What you need to do:
From the records below, transcribe only the lines running from the one with "We talk about" through the one with "There's no greater". Keep both of those end lines.

Records for the exercise:
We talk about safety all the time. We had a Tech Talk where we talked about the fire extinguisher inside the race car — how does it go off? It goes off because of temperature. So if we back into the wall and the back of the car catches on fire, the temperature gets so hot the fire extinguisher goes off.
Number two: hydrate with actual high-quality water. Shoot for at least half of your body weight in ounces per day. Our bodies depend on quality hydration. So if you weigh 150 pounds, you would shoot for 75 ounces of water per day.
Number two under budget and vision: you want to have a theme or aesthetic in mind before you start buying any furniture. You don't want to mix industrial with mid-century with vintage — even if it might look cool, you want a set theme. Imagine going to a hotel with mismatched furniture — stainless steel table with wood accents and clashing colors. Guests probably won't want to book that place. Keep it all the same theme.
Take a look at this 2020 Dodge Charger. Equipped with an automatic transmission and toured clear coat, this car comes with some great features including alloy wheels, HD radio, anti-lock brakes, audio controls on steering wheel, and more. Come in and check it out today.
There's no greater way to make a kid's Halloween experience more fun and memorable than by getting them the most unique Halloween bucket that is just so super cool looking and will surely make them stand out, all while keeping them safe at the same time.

* * *

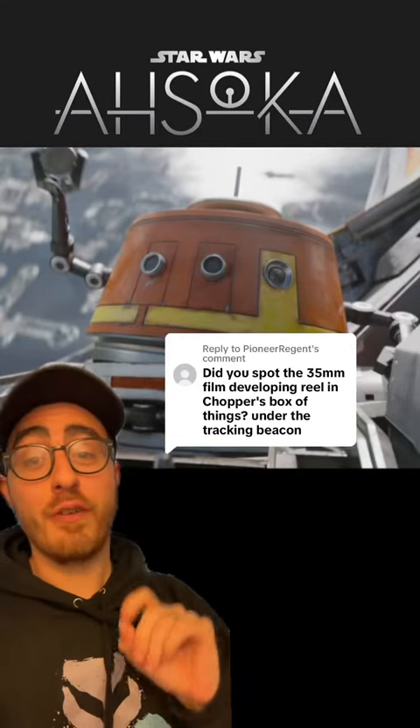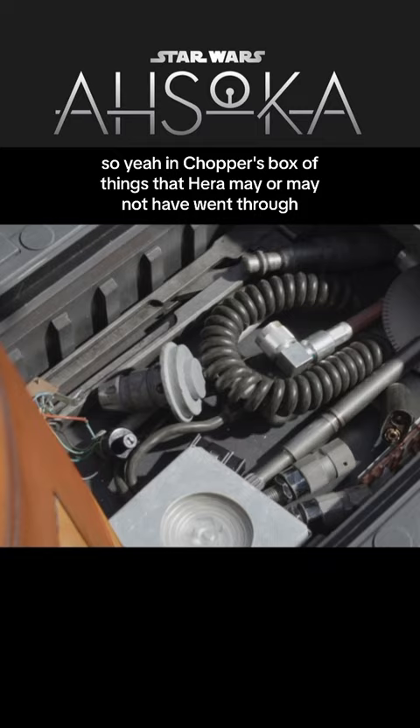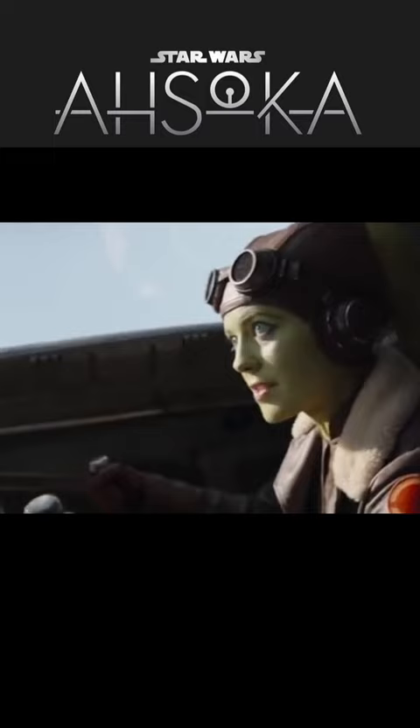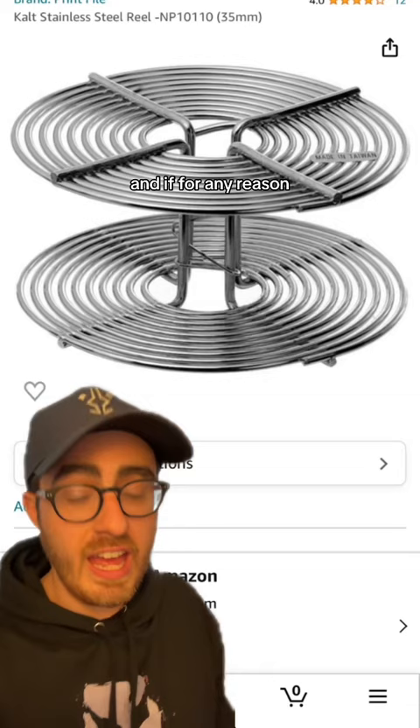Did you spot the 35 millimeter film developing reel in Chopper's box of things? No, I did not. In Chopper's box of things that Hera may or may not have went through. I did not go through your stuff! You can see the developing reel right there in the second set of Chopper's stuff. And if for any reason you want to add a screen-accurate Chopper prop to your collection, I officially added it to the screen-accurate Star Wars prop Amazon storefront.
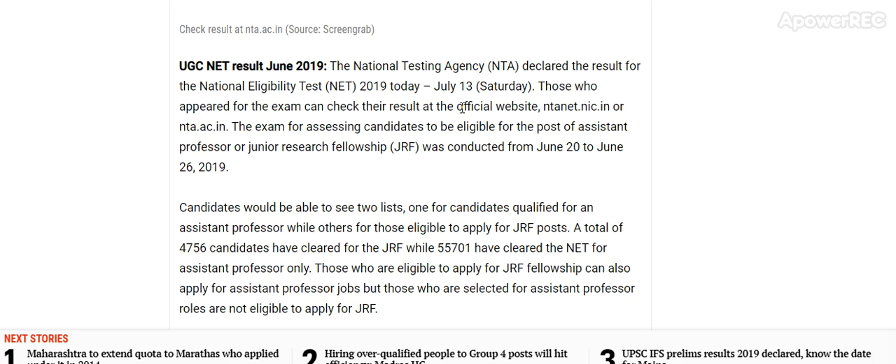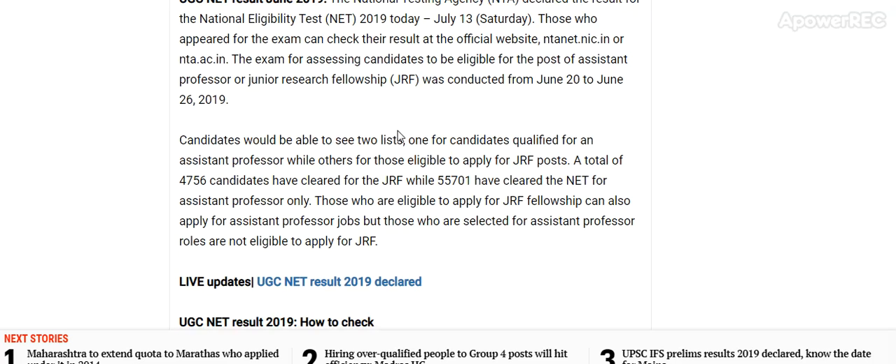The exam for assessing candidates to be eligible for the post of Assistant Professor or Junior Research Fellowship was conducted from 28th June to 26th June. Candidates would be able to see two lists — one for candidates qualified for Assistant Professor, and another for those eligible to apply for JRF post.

--

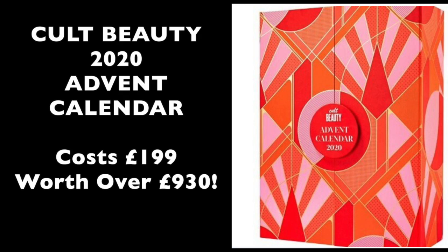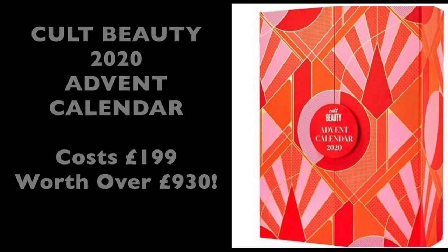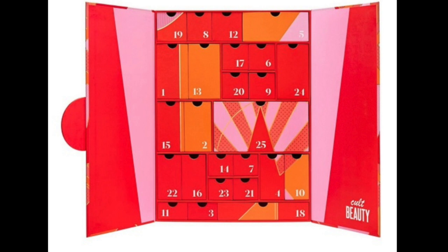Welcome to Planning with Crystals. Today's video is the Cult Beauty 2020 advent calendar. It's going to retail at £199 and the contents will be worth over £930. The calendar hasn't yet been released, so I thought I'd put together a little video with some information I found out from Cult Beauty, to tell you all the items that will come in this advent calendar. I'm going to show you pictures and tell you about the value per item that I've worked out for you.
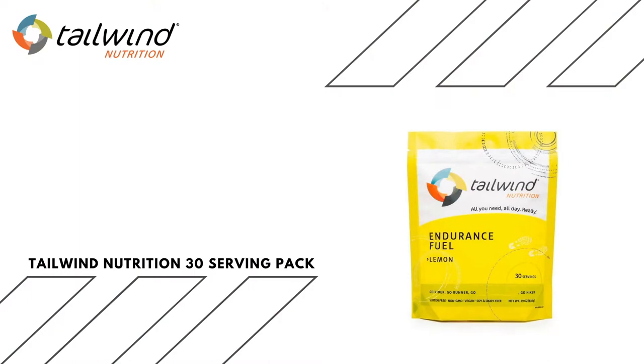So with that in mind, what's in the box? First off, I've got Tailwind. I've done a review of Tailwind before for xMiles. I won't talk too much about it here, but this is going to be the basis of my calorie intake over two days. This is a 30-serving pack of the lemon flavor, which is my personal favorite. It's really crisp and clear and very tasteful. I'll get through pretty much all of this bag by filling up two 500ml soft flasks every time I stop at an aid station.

Answer section:
We talk about safety all the time. We had a Tech Talk where we talked about the fire extinguisher inside the race car — how does it go off? It goes off because of temperature. So if we back into the wall and the back of the car catches on fire, the temperature gets so hot the fire extinguisher goes off.
Number two: hydrate with actual high-quality water. Shoot for at least half of your body weight in ounces per day. Our bodies depend on quality hydration. So if you weigh 150 pounds, you would shoot for 75 ounces of water per day.
Number two under budget and vision: you want to have a theme or aesthetic in mind before you start buying any furniture. You don't want to mix industrial with mid-century with vintage — even if it might look cool, you want a set theme. Imagine going to a hotel with mismatched furniture — stainless steel table with wood accents and clashing colors. Guests probably won't want to book that place. Keep it all the same theme.
Take a look at this 2020 Dodge Charger. Equipped with an automatic transmission and toured clear coat, this car comes with some great features including alloy wheels, HD radio, anti-lock brakes, audio controls on steering wheel, and more. Come in and check it out today.
There's no greater way to make a kid's Halloween experience more fun and memorable than by getting them the most unique Halloween bucket that is just so super cool looking and will surely make them stand out, all while keeping them safe at the same time.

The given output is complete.